The fact they were giving away money was not a good thing.  Also the fact your friend is not sure if she made all her repayments on time is not a good thing.  Could your friend not wait and purchase furniture as her salary comes in.  Refurnishing after all is not so important is it.


----------



## Saff (25 May 2009)

Similar issue with aib. They approved me last year for €260,000 , approval expired in February. In March I found a nice place I could afford, 230,000, and I applied to them to renew the loan. Kept me waiting for 3 weeks before issuing me with a letter advising that I no longer meet their criteria. Broker told me that now instead of 10% deposit they want 20%. It wouldn’t make you as annoyed if they weren’t advertising on any space they can spend their bank bailout € on telling you there offering mortgages.
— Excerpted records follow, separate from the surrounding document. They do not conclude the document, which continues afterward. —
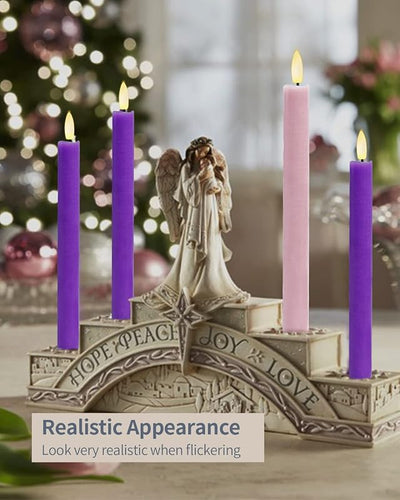 Velas LED Adviento sin llama 4 colores morado y rosa
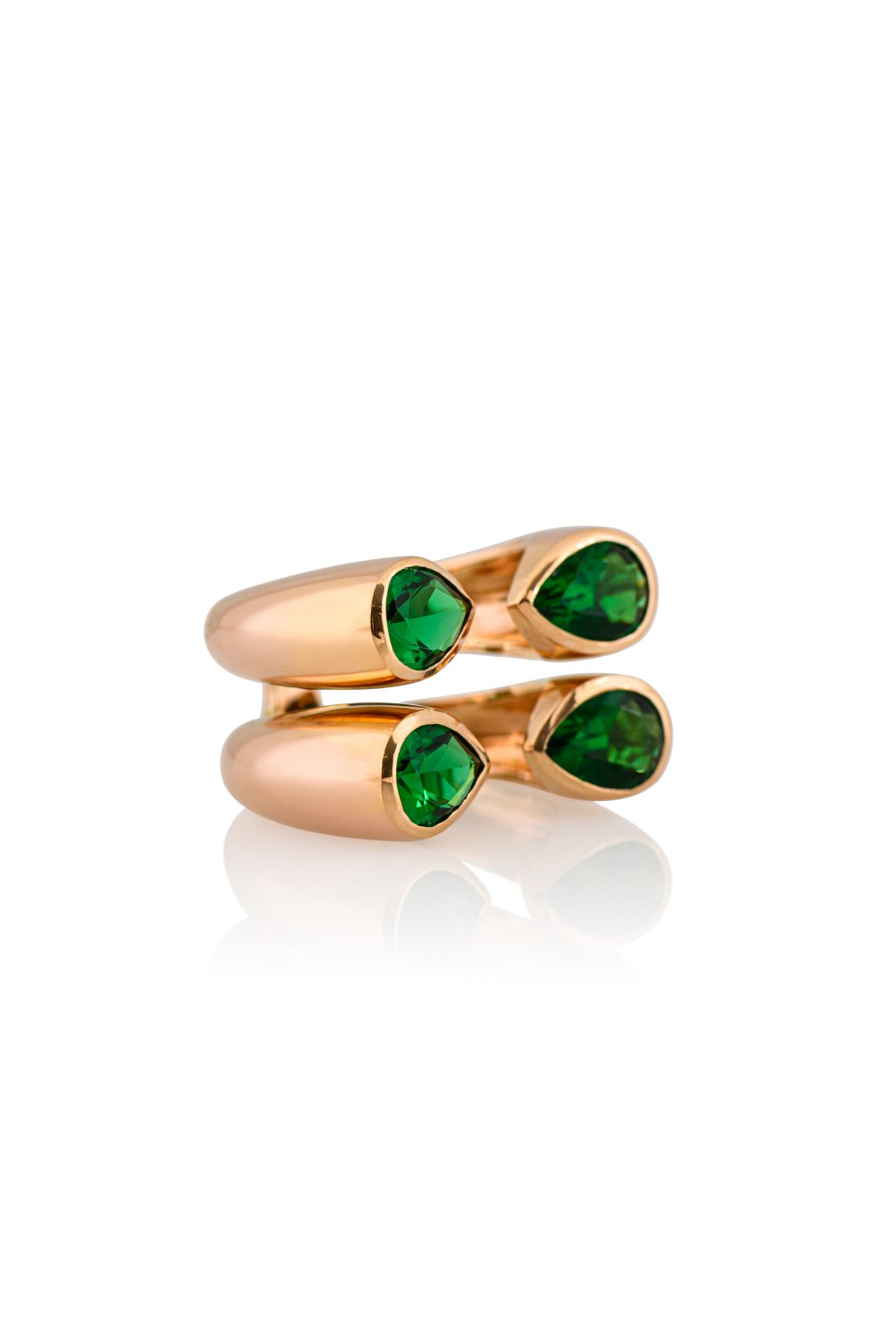 KESSARIS - Emerald Drop Double Ring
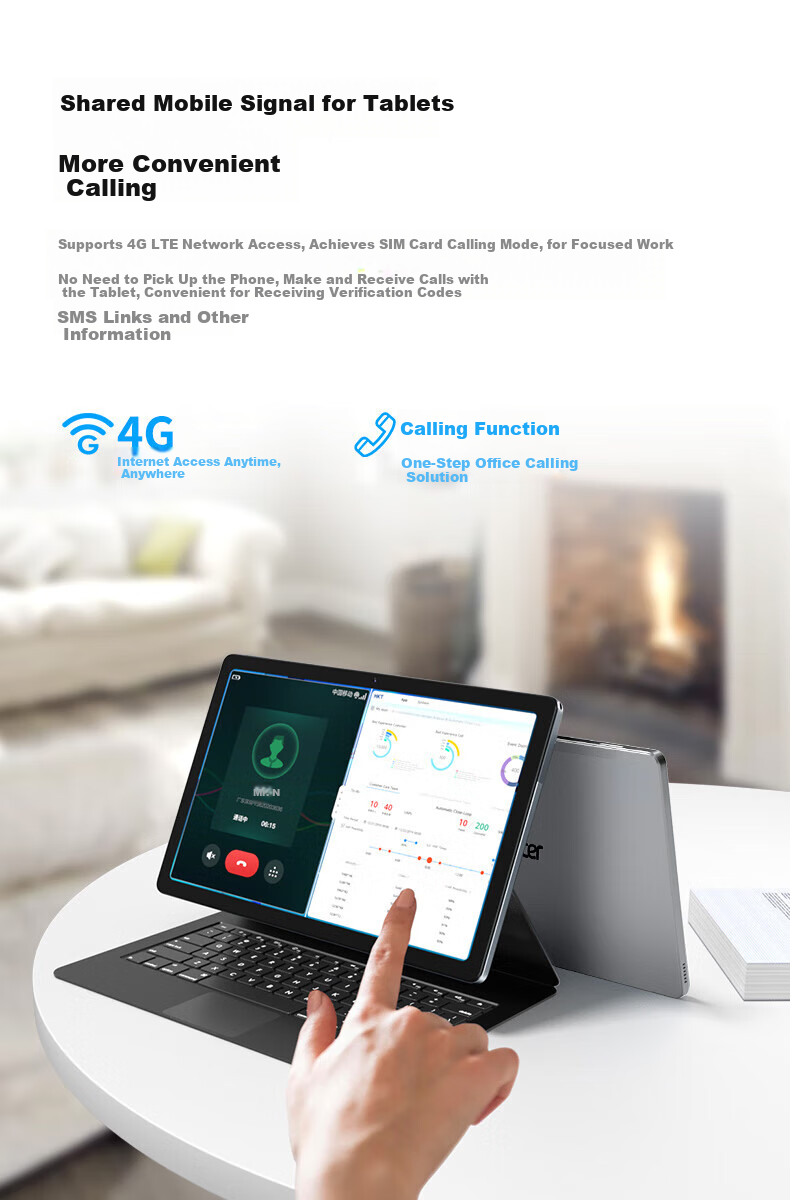 Acer Pad, 10.4-Inch Tablet, 2K High-Definition Full-Screen Display, 4G SIM Card Slot, All-Network Compatible, Low Blue Light Eye Protection, Tablet Computer, IPad, 8GB RAM + 256GB Storage, Gray Color 6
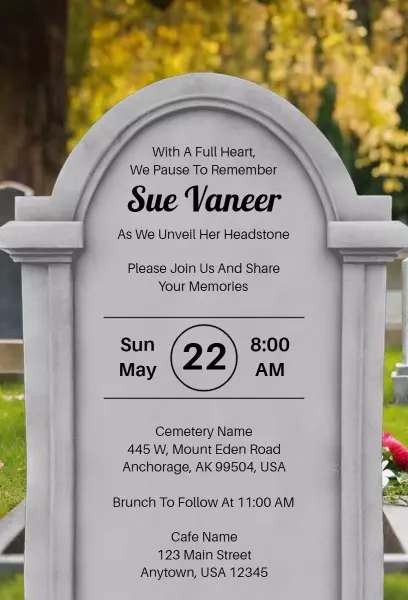 Heartfelt Memorial Headstone Unveiling Ceremony Invitation Template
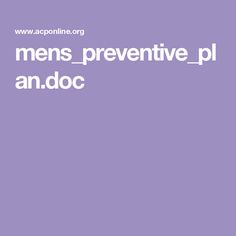 mens_preventive_plan.doc Nursing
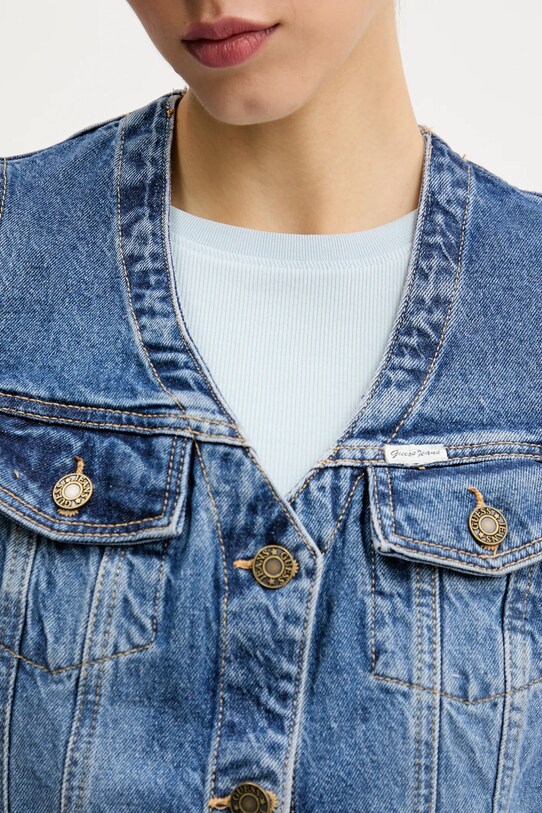 Guess Jeans vestă din denim bleumarin W5GN74.D5M46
I would love to see some figures from AIB on how many mortgages they’ve issued each month, along with age and financial status of those receiving the loan..


----------



## NorthDrum (25 May 2009)

Differant mortgage companies will accept differant applicants.

Remember to always ask your mortgage broker what companies they have access to (so you know you are getting a better chance of getting mortgage approval).


----------



## Hybrid Boss (29 May 2009)

I wouldn’t bother with a broker your better off applying directly with the bank


----------



## NorthDrum (29 May 2009)

Hybrid Boss said:


> I wouldn’t bother with a broker your better off applying directly with the bank


 
Please do share your reasons for this statement. .


----------



## csirl (29 May 2009)

Agree with Hybrid.

Firstly, if I were a bank manager, I'd rather deal with first hand information and see the customer face to face to make sure everything checks out - you'd be amazed at how many things that look great on paper turn out to be not quite what they seem when you meet the people in person. Brokers can make the banks more cautious as they are getting second hand information that has been filtered by the broker to make the customer look good. Banks are very very cautious in the current climate. 

Secondly, banks dont give brokers preferential rates for mortgages - they are not charities for brokers benefit. Any rate that is offered to a broker can be obtained by the customer minus the brokers commission.

Thirdly, you dont want the broker to influence your decision on the basis that their commission may be higher on certain products.

If you are financially clueless, cannot engage in simple negotiations and cannot fill out straight forward application forms, or are rich enough that you couldnt be bothered to do these things and would rather pay someone, then a broker may be for you. But if you are confident that you can do all of this, then I dont see the reason for a broker.


----------



## NorfBank (29 May 2009)

I rarely get involved in these broker v direct debate as it's horses for courses but it's a quiet day so I might as well..

If you have time to apply directly to all banks and you are confident you understand mortgages and the different products on offer then go ahead. If you also have time to shop around for your mortgage protection and buildings insurance then go ahead too. The same goes for your solicitor.

Just to give a different point of view from csirl's.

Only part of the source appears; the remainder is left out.